First ZPool advice

nemesis1782

Contributor
Joined
Mar 2, 2021
Messages
105
Hi guys,

I'm looking for some advice on a configuration for my first zPool. The system this relates to is here: https://www.truenas.com/community/t...-on-feasibility-of-first-treunas-setup.91526/

I seperated this since I have a very specific question! zPools and VDEV's.

My current understanding:
- Any zpool consists of 1 or more VDEV's
- the redundancy is handled on the VDEV level
- the VDEV's are striped to create a zPool
- A VDEV which fails will take the whole zPool down without any hope of recovery
- A VDEV has the write performance of a single disk
- A ZPool write speed is ependent on the number of VDEV's

Usage for this zpool:
- Because of the limitations of ZFS I will be using this to house completed series and movies. Once the data is there it should stay there and not be moved around. So little fragmentation should occur

I'll be getting 12x3TB tomorrow and am looking into the following configurations:
- 1 RAIDZ3 11 disks + 1 hot spare, simple straight forward 3 disk redundundancy, bad efficiency
- 2 RAIDZ2 of 6 disks each, better (write) speed, redundancy of 2 to 4 disk redundancy and even worse efficiency since I should keep one more disk lying around to rebuild
- 2 RAIDZ1 5 disks each + 2 hot spare, Same write speed as RAIDZ2 however worse redundancy. Efficiency is about the same.

So now for my questions:
- Having multiple VDEVs in a pool seems risky to me especially on lower RAIDZ levels
- What configuration would you advice for this use case. The data will not be backupped. Loosing the array is a inconvenience but nothing mission critical
- Is there maybe a better configuration?

After this I'll add these zPools:
- Single disk for downloads no redundancy in not meant to store data
- 2x SATA SSD in mirror for VM and such
- 2x m2 SSD for later usage
- A ZPool where series that aren't complete will go
 

ornias

Wizard
Joined
Mar 6, 2020
Messages
1,458
Why are you building your first ZPOOL at the ALPHA software TrueNAS SCALE (as you posted this in the SCALE forum section)?

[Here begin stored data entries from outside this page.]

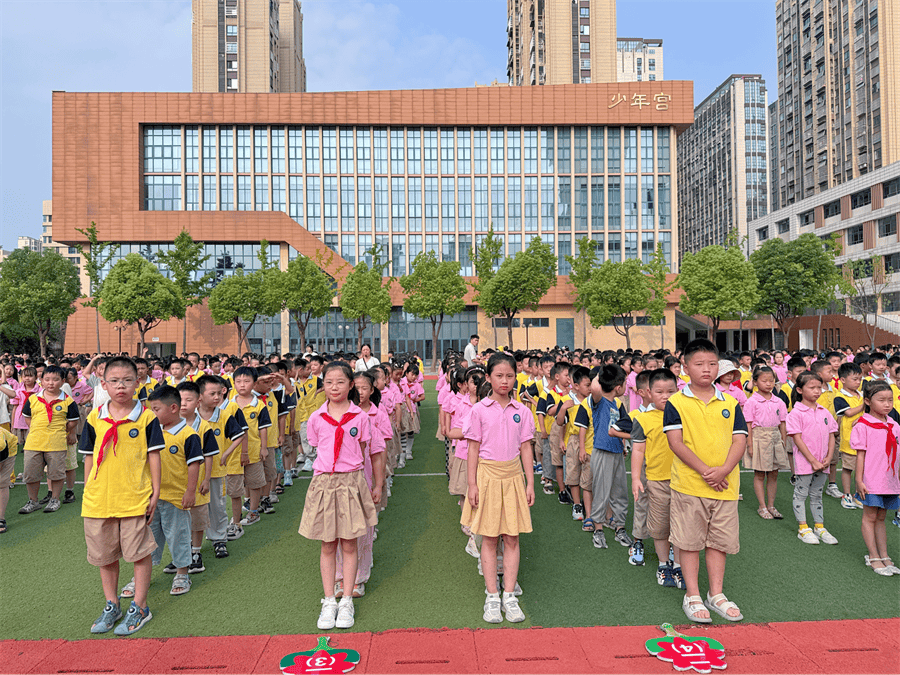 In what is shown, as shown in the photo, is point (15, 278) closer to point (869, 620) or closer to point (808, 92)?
point (869, 620)

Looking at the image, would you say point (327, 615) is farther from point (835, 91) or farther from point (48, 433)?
point (835, 91)

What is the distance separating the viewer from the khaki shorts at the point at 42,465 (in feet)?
19.5

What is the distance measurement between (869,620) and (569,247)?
139 ft

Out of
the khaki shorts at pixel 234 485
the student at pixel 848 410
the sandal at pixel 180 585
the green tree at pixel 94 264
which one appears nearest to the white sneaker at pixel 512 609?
the sandal at pixel 180 585

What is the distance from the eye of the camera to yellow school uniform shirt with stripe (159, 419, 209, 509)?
3965 mm

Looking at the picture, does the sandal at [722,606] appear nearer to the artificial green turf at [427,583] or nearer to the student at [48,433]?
the artificial green turf at [427,583]

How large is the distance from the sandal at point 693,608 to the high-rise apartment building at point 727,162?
75.6m

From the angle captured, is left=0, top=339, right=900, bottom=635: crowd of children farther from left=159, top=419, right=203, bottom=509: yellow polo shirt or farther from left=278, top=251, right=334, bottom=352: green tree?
left=278, top=251, right=334, bottom=352: green tree

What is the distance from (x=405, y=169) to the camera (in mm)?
44031

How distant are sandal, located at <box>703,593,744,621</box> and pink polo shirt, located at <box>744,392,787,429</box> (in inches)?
107

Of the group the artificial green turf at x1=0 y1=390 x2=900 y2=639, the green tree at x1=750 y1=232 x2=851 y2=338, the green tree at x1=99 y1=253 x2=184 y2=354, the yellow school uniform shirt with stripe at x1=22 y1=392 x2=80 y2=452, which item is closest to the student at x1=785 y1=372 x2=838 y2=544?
the artificial green turf at x1=0 y1=390 x2=900 y2=639

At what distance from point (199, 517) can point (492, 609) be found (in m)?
2.60

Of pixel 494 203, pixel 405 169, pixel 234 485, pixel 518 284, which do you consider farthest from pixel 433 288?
pixel 234 485

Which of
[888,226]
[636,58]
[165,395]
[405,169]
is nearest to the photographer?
[165,395] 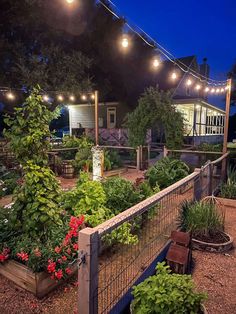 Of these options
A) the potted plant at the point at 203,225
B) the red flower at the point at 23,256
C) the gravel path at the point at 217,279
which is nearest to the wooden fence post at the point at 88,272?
the red flower at the point at 23,256

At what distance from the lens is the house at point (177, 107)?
54.4 ft

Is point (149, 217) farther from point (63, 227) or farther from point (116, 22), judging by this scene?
point (116, 22)

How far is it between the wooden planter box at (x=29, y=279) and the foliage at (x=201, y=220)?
6.72ft

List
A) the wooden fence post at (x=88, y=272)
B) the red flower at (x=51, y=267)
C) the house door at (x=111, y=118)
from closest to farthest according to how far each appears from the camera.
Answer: the wooden fence post at (x=88, y=272) < the red flower at (x=51, y=267) < the house door at (x=111, y=118)

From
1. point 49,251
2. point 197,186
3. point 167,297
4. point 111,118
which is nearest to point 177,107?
point 111,118

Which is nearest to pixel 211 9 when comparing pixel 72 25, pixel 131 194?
pixel 72 25

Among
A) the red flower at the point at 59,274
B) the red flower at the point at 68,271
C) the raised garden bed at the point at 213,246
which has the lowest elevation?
the raised garden bed at the point at 213,246

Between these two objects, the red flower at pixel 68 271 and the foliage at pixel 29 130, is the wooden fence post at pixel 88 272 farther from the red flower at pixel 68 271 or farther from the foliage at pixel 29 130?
the foliage at pixel 29 130

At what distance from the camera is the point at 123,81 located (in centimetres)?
1920

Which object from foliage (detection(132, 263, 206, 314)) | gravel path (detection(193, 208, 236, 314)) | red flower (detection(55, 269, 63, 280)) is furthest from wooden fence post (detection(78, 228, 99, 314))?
gravel path (detection(193, 208, 236, 314))

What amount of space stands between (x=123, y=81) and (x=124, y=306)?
18.3 m

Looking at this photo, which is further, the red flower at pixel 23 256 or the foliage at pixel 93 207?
the foliage at pixel 93 207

SCALE is primarily meant for testing, I would advice against using it as your first ZFS learning platform
 

sretalla

Powered by Neutrality
Moderator
Joined
Jan 1, 2016
Messages
9,703
Having multiple VDEVs in a pool seems risky to me especially on lower RAIDZ levels
You manage risk at the VDEV level, so I don't see what you mean.

A VDEV has the write performance of a single disk
In terms of IOPS, yes, but throughput can be much more than a single disk (dependent on transaction group size and fragmentation of the pool/vdev).

even worse efficiency since I should keep one more disk lying around to rebuild
Why are you considering hot spares? They are essentially wasted disks in a RAIDZ pool and they would usually be spinning for nothing if you can physically access the box in enough time to do a replacement when SMART indicates it's needed.

2 RAIDZ2 of 6 disks each, better (write) speed
You will potentially have more IOPS, but the speed may be the same or worse than 1 VDEV.

I will be using this to house completed series and movies.
Why would you need anything more than a single RAIDZ2 VDEV for this use case?


As a general comment, don't confuse the two components of "speed" with each other... IOPS and throughput are different and the limitations of RAIDZ are around IOPS, not throughput.
 

nemesis1782

Contributor
Joined
Mar 2, 2021
Messages
105
Why are you building your first ZPOOL at the ALPHA software TrueNAS SCALE (as you posted this in the SCALE forum section)?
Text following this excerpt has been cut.